STUDY MATERIAL START

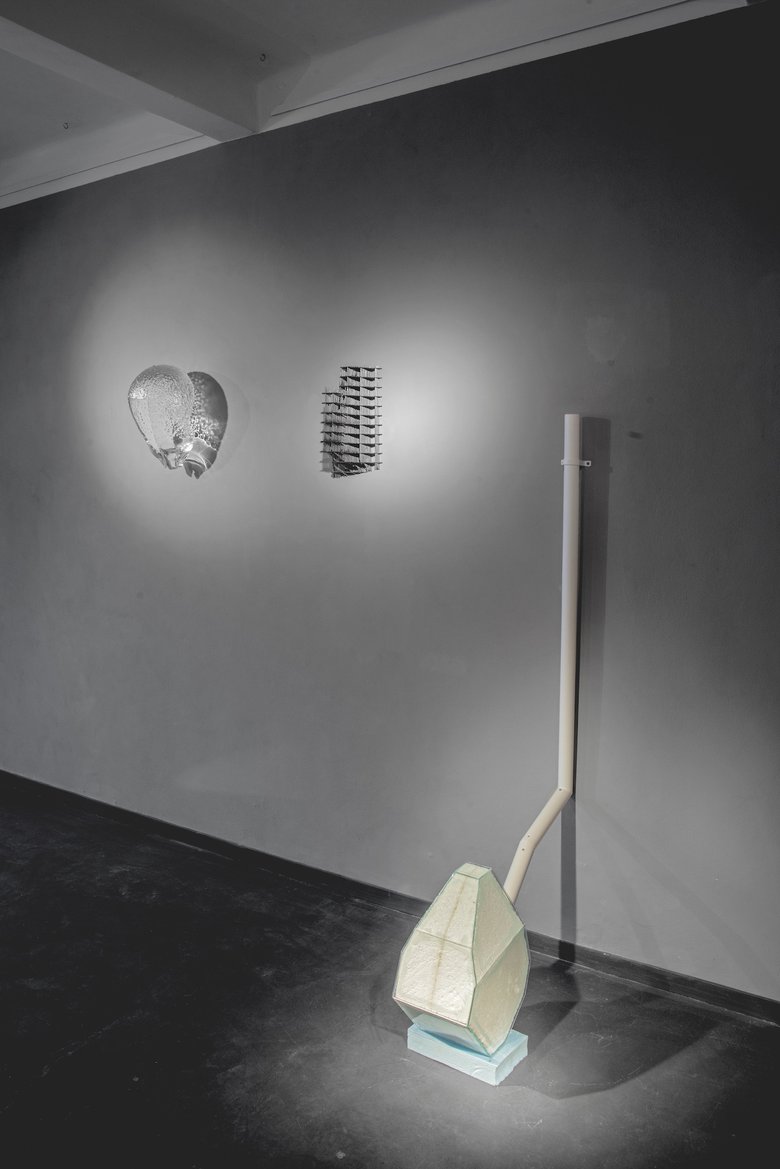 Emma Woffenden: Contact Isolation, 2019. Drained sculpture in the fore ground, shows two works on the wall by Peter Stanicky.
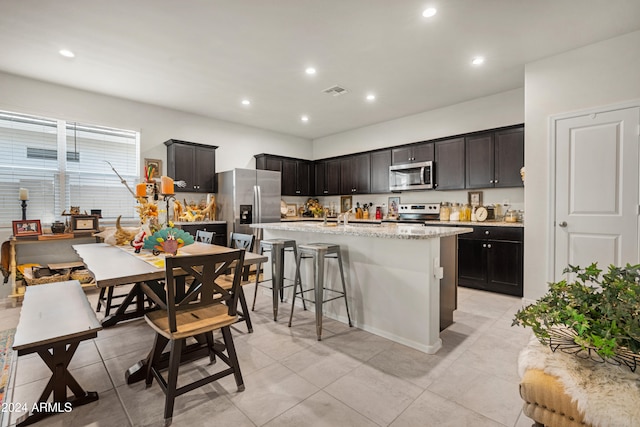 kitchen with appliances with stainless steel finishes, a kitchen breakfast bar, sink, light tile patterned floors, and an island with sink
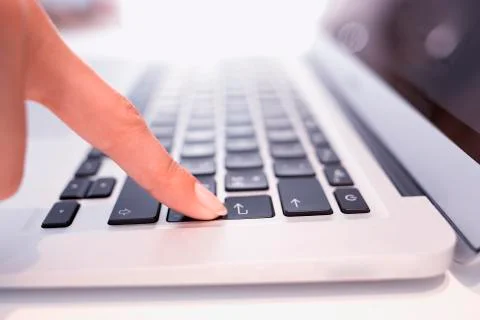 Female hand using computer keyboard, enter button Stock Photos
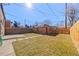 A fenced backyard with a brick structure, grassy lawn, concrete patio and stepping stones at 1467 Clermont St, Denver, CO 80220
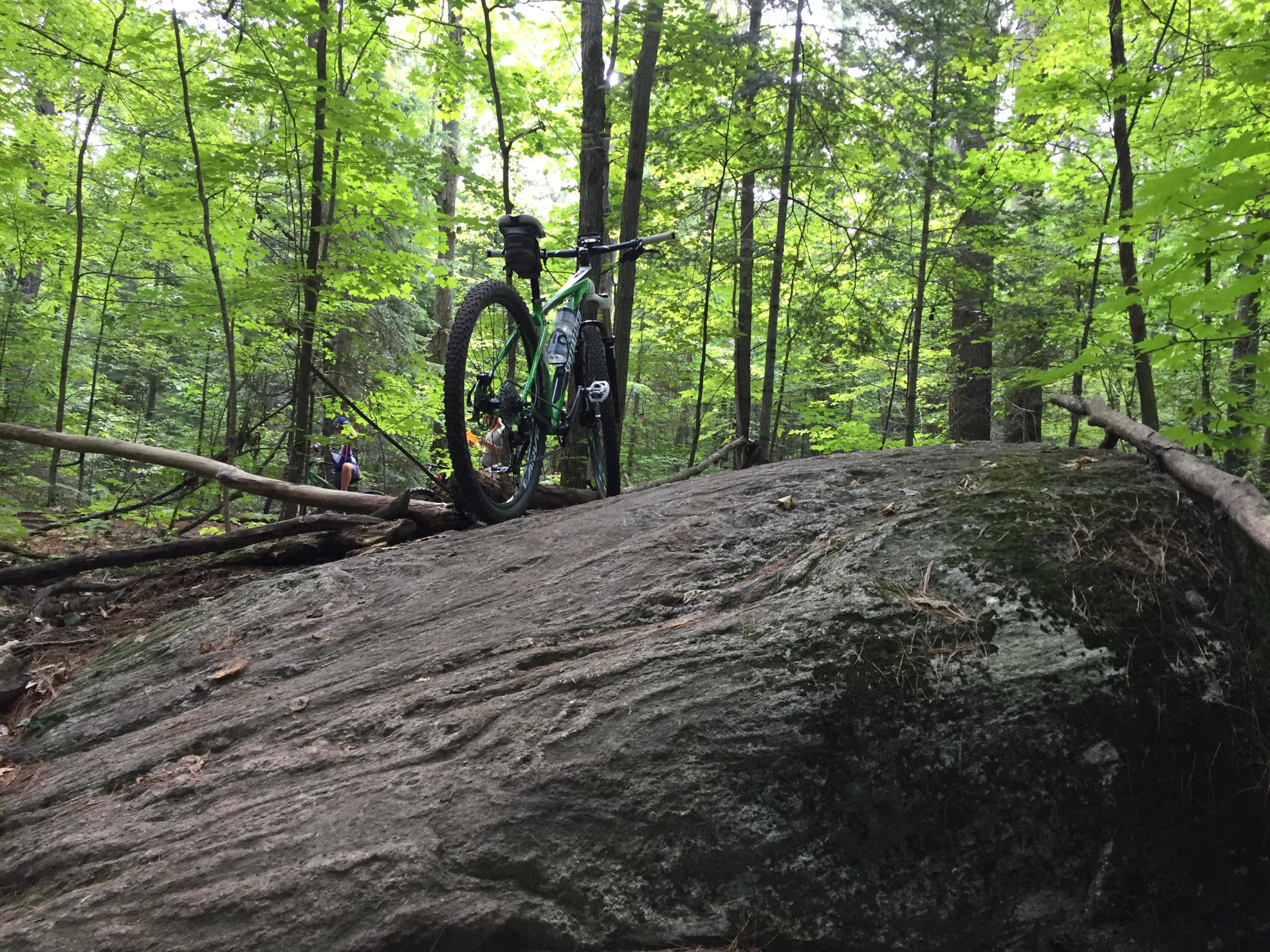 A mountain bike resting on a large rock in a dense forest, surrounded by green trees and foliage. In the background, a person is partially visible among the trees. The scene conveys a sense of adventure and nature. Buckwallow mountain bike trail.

STUDY MATERIAL END

Find the line with "kitchen with appliances". Return it and each line after it through the end of the data, exactly, without pictures.

[OUTPUT]
 kitchen with appliances with stainless steel finishes, a kitchen breakfast bar, sink, light tile patterned floors, and an island with sink
 Female hand using computer keyboard, enter button Stock Photos
 A fenced backyard with a brick structure, grassy lawn, concrete patio and stepping stones at 1467 Clermont St, Denver, CO 80220
 A mountain bike resting on a large rock in a dense forest, surrounded by green trees and foliage. In the background, a person is partially visible among the trees. The scene conveys a sense of adventure and nature. Buckwallow mountain bike trail.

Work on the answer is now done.